**PROBLEM TO SOLVE**
Below this line is a listing that includes pictures. Copy exactly, and only, the lines from the one containing "[...] 28. [...] 1852.'." through the one containing "Lorcana - The"; the pictures do not go in the copy.

**RECORD EXTRACTS**
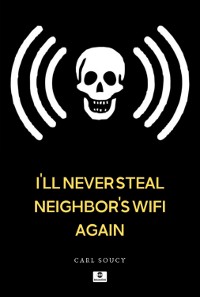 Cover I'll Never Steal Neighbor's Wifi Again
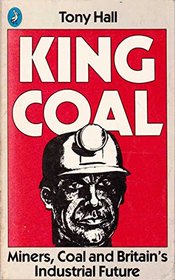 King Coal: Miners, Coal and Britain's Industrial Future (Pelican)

---

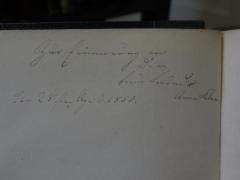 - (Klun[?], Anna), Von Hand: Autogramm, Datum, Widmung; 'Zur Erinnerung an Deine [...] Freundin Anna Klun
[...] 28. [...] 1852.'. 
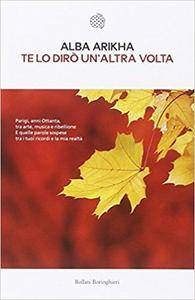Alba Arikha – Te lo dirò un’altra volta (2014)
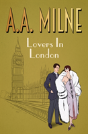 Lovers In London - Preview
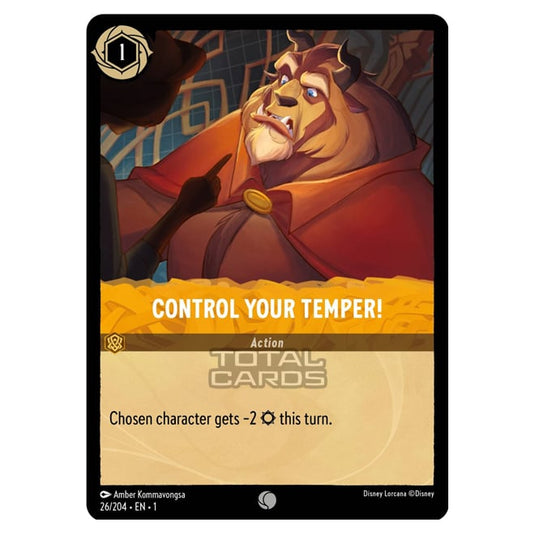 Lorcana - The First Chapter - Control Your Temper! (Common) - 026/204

**SOLUTION TO THIS PROBLEM**
[...] 28. [...] 1852.'. 
Alba Arikha – Te lo dirò un’altra volta (2014)
 Lovers In London - Preview
 Lorcana - The First Chapter - Control Your Temper! (Common) - 026/204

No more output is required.